While you're at it, as anonymous said, it would be great if the analyzer was sandboxed so that we're less vulnerable to the filepreview exploits that are currently fashionable.

I wouldn't go with apparmor or selinux though, since they're less widely available than seccomp. Seccomp is ideal for this job : just open a pipe between dolphin and the analyzer before you fork()&&seccomp(), and then you can feed files to the anlyzer in a crash- and exploit-safe way.

Anonymous said...

Peter, I just noticed that Dolphin could crash when showing the metadata of some .zip files. Should I file a bug about this specific indexer ?

(using Archlinux)

Cheers ; thanks again for your amazing work !

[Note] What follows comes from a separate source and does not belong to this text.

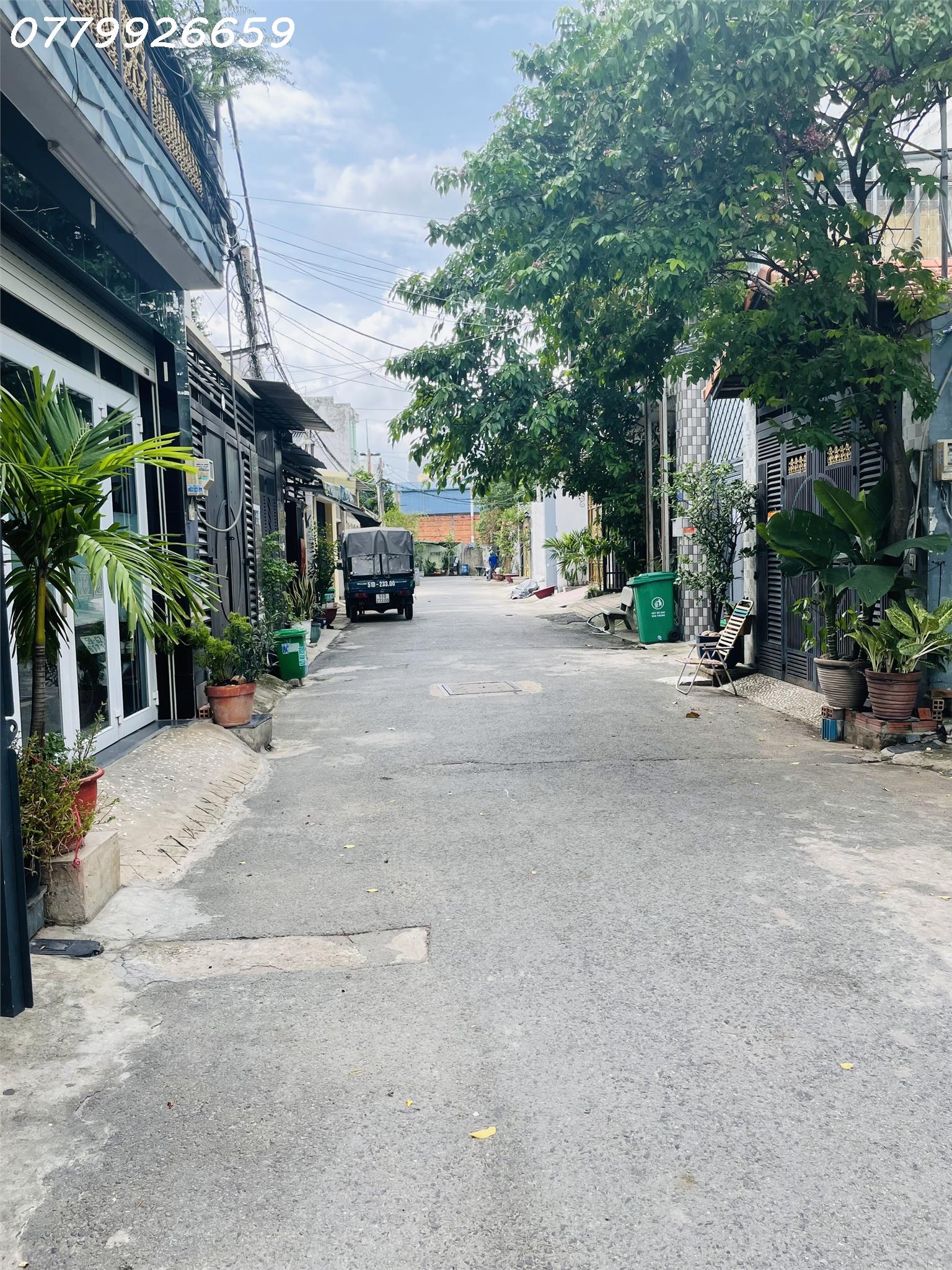 NHÀ 3 TẦNG, 5x18M2, TÂN CHÁNH HIỆP, Q12, ĐƯỜNG 6M, SỔ VUÔNG VỨC, CHỈ 3,8 TỶ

PS : sorry for being annoying, but I think this is a problem if people who use a distro based on KDE 4.6.x always get this issue. This is pretty serious (filemanager crash !). What do you think ? I kind of tend to think stability is the most important feature :-)

PPS : would love to support you financially (like what is possible with Aurélien Gâteau or Raphaël Hertzog for instance)

Risto H. Kurppa said...

Running Kubuntu 11.04 with KDE 4.6.something, bumped into this, installed dbg packages, the bug reporting tool suggested me some similar bugreps, I found out that it's already fixed -> upgrading to KDE 4.7.x -> FIXED. Gotta love Open Source :) Thank you for your work!!!!!